DIRECTIONS >>
Take the entries below and reproduce them word for word.
**** EXERCISE MATERIAL
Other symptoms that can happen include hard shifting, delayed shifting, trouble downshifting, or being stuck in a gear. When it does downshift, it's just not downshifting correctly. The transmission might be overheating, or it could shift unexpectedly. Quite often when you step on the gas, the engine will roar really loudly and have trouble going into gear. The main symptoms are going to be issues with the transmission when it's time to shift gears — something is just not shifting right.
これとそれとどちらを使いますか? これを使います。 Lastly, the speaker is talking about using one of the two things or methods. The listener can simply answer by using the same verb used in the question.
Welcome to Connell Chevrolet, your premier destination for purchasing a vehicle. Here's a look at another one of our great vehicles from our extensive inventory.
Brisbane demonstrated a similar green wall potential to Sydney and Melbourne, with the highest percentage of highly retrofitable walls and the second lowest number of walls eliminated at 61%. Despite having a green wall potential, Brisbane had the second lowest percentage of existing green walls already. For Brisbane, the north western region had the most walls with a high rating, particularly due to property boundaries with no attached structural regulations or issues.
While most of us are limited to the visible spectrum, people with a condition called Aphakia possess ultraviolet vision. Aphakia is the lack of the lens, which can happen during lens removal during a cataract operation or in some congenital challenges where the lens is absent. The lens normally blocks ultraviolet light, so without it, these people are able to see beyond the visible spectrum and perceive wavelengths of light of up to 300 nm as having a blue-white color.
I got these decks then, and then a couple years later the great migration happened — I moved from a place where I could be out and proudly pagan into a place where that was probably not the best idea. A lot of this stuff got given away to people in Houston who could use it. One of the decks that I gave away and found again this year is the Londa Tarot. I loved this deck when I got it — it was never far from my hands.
********
TASK RESPONSE >>
Other symptoms that can happen include hard shifting, delayed shifting, trouble downshifting, or being stuck in a gear. When it does downshift, it's just not downshifting correctly. The transmission might be overheating, or it could shift unexpectedly. Quite often when you step on the gas, the engine will roar really loudly and have trouble going into gear. The main symptoms are going to be issues with the transmission when it's time to shift gears — something is just not shifting right.
これとそれとどちらを使いますか? これを使います。 Lastly, the speaker is talking about using one of the two things or methods. The listener can simply answer by using the same verb used in the question.
Welcome to Connell Chevrolet, your premier destination for purchasing a vehicle. Here's a look at another one of our great vehicles from our extensive inventory.
Brisbane demonstrated a similar green wall potential to Sydney and Melbourne, with the highest percentage of highly retrofitable walls and the second lowest number of walls eliminated at 61%. Despite having a green wall potential, Brisbane had the second lowest percentage of existing green walls already. For Brisbane, the north western region had the most walls with a high rating, particularly due to property boundaries with no attached structural regulations or issues.
While most of us are limited to the visible spectrum, people with a condition called Aphakia possess ultraviolet vision. Aphakia is the lack of the lens, which can happen during lens removal during a cataract operation or in some congenital challenges where the lens is absent. The lens normally blocks ultraviolet light, so without it, these people are able to see beyond the visible spectrum and perceive wavelengths of light of up to 300 nm as having a blue-white color.
I got these decks then, and then a couple years later the great migration happened — I moved from a place where I could be out and proudly pagan into a place where that was probably not the best idea. A lot of this stuff got given away to people in Houston who could use it. One of the decks that I gave away and found again this year is the Londa Tarot. I loved this deck when I got it — it was never far from my hands.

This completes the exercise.